Pemerintah Terus Upayakan Alternatif Pembiayaan Infrastruktur
A
A
A
JAKARTA - Pembiayaan merupakan salah satu tantangan utama dalam membangun infrastruktur. Karena itu, menemukan skema dan sumber yang inovatif untuk melengkapi pembiayaan konservatif dari Anggaran Pendapatan dan Belanja Negara (APBN) pun mutlak diperlukan.
"Kita perlu terus menggali paradigma baru dalam pendanaan infrastruktur. Maka forum yang diinisiasi oleh Kementerian Badan Usaha Milik Negara (BUMN) dan Forum Koordinasi Pembiayaan Pembangunan melalui Pasar Keuangan (FKP3K) ini diharapkan dapat memberi solusi pada kita," ujar Menteri Koordinator Bidang Perekonomian Darmin Nasution dalam siaran pers, Selasa (9/10/2018).
Menko Darmin menceritakan perjalanan pembangunan infrastruktur Indonesia selama masa pemerintahan Jokowi-JK. Rencana Pembangunan Jangka Menengah Nasional (RPJMN) 2015-2019 disusun dan salah satunya difokuskan pada akselerasi infrastruktur.

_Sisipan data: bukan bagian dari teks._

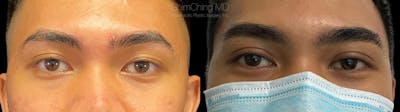 Asian Eyelid Before & After Gallery - Patient 38307394 - Image 1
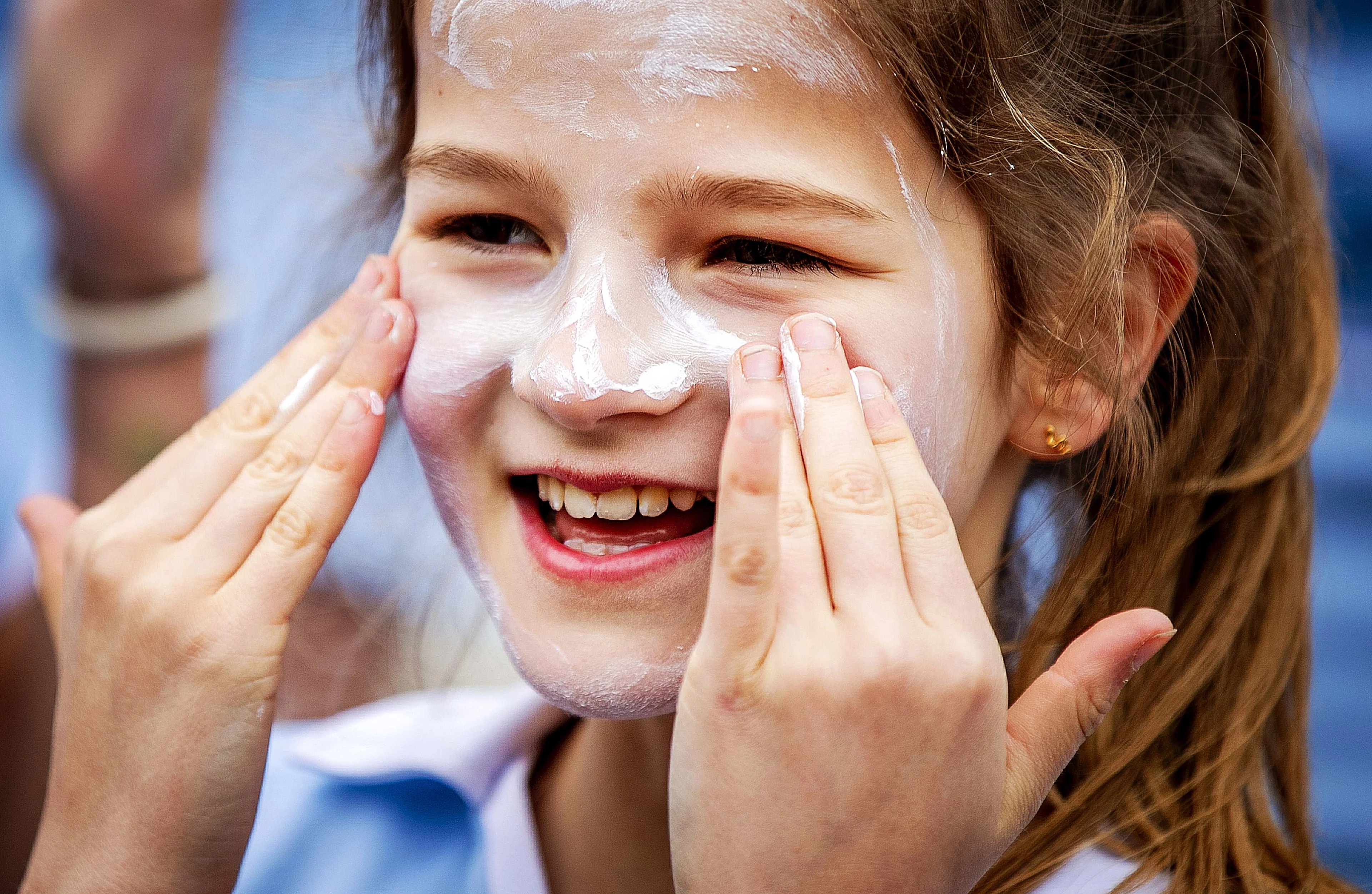 Herkenbaar: deze zonnebrand-irritaties heeft iedereen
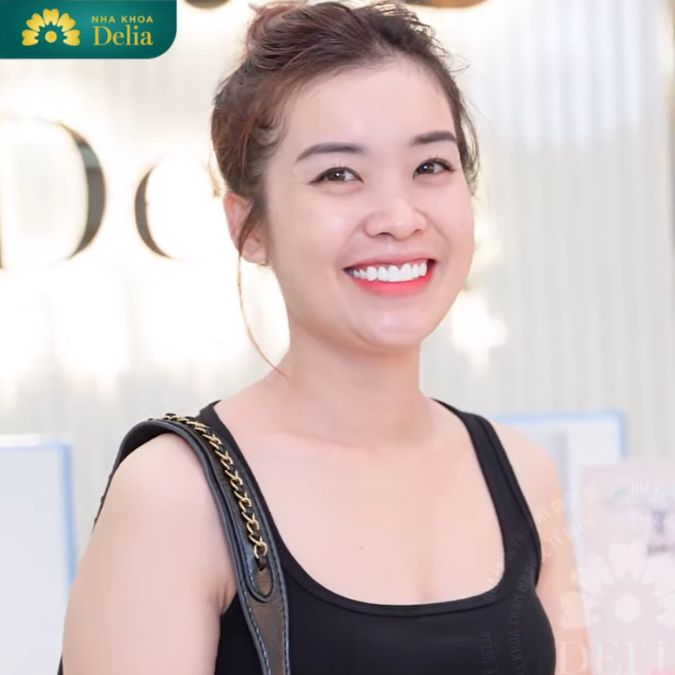 Chị Huyền Nga tìm đến delia để biến giấc mơ về nụ cười hoàn hảo thành sự thật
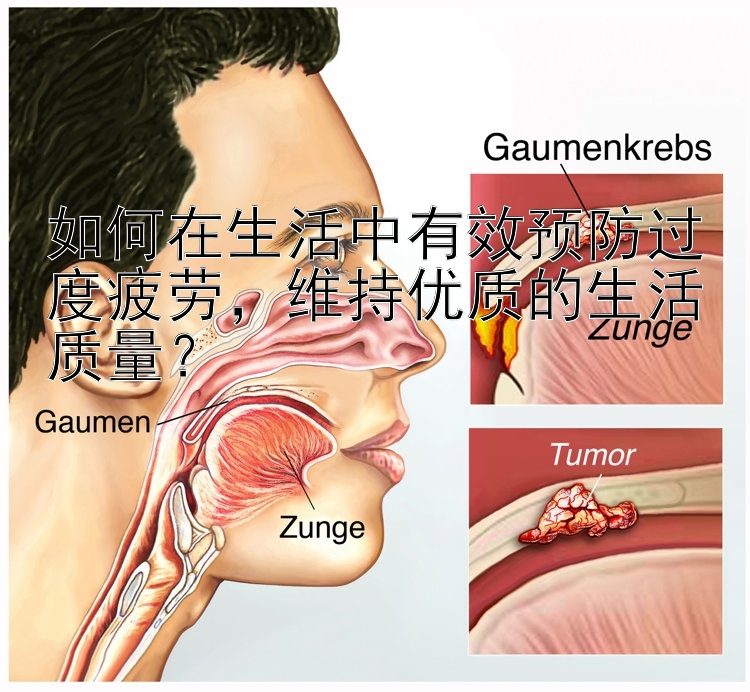 如何在生活中有效预防过度疲劳，维持优质的生活质量？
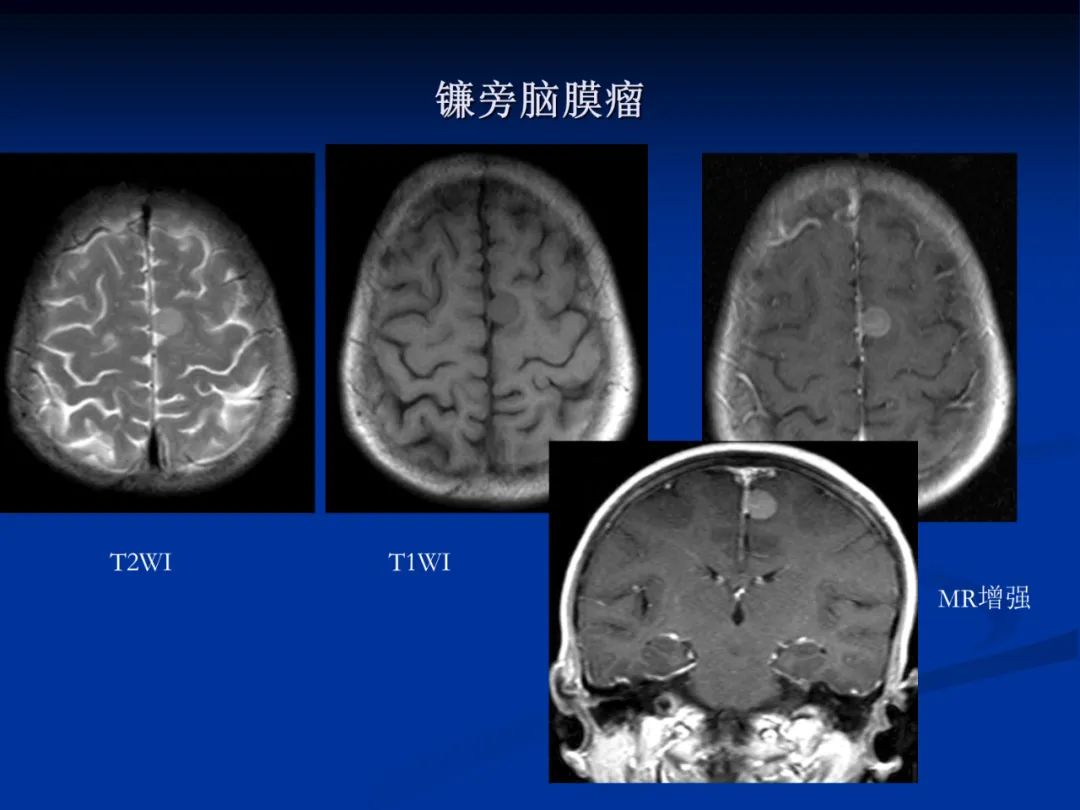 影像PPT - 【PPT】脑肿瘤影像学诊断-68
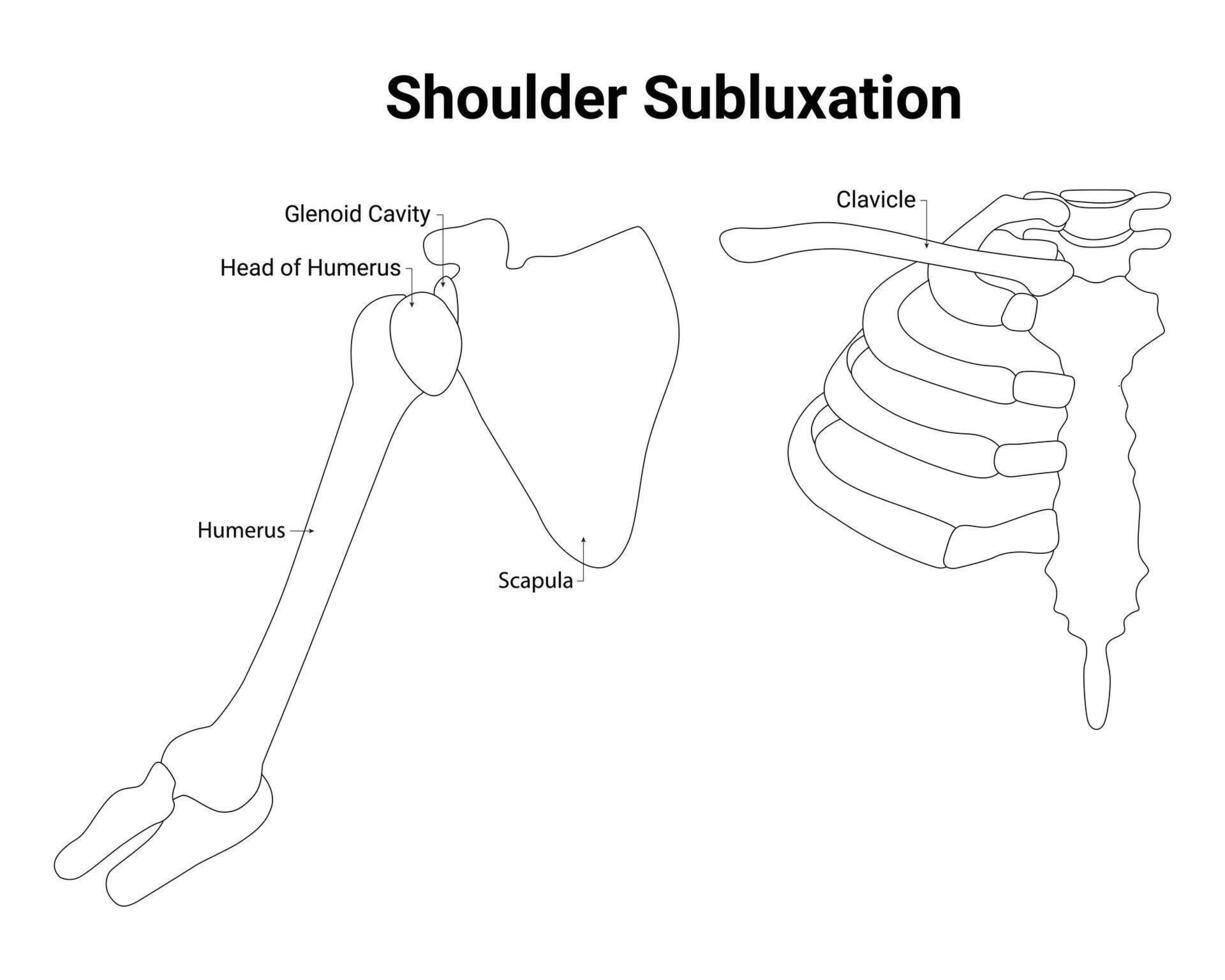 Schulter Subluxation Wissenschaft Design Vektor Illustration Diagramm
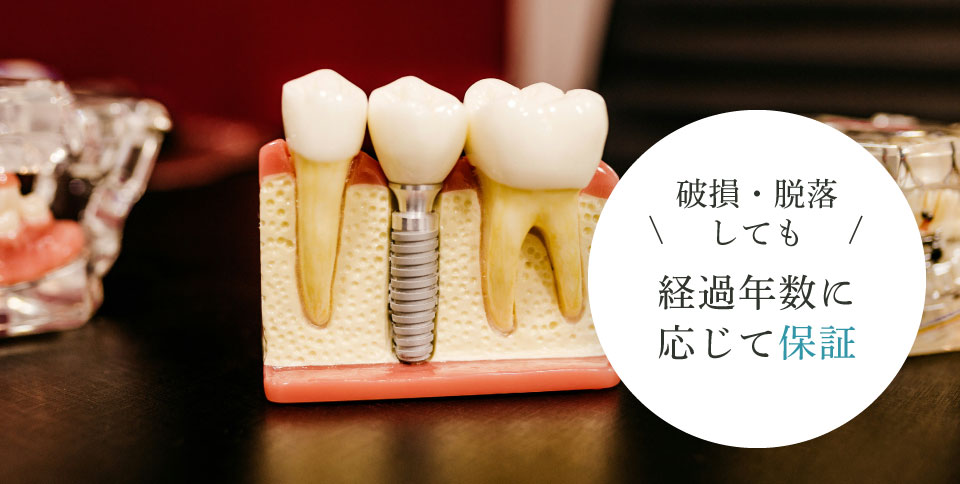 破損・脱落しても、経過年数に応じて保証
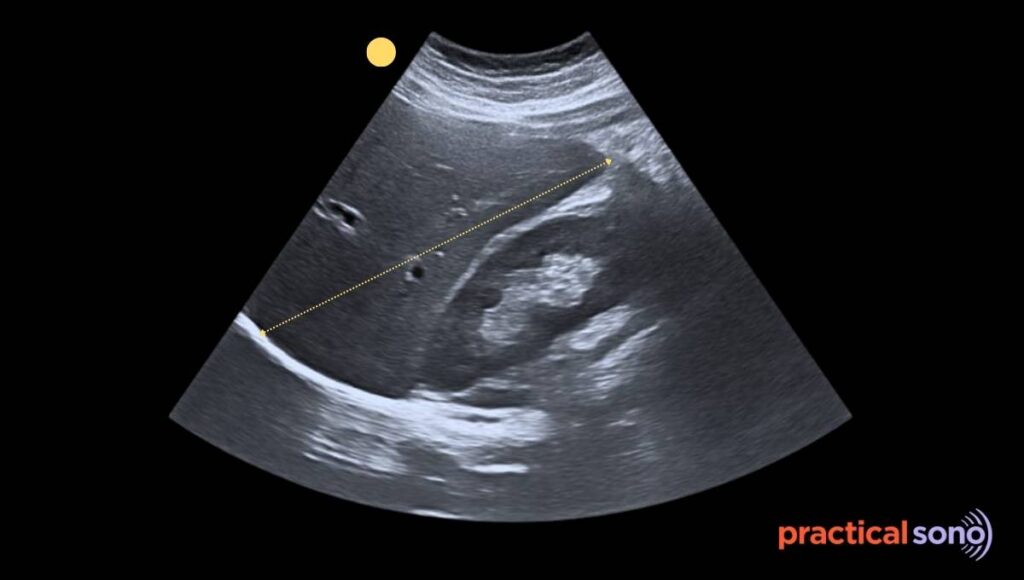 technique for caliper placement to measure liver size in ultrasound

Dari tahun 2015 hingga tahun 2019, pemerintah menargetkan untuk membangun berbagai macam infrastruktur seperti 1.800 km jalan tol, 2.159 km kereta api antar kota, 24 pelabuhan baru, 15 bandara baru, serta 35.000 MW pembangkit listrik.
Kemudian lebih fokus lagi, pemerintah pun telah menetapkan Proyek Strategis Nasional (PSN) yang saat ini terdiri dari 223 proyek dan 3 program, dengan perkiraan total nilai investasi sebesar USD307,4 miliar. Data per Juni 2018 menunjukkan bahwa 32 proyek telah selesai dan 44 PSN sedang dalam operasi parsial. Selain itu, kemajuan program listrik 35 GW juga menunjukkan perkembangan, sebesar 2.278 MW sudah beroperasi.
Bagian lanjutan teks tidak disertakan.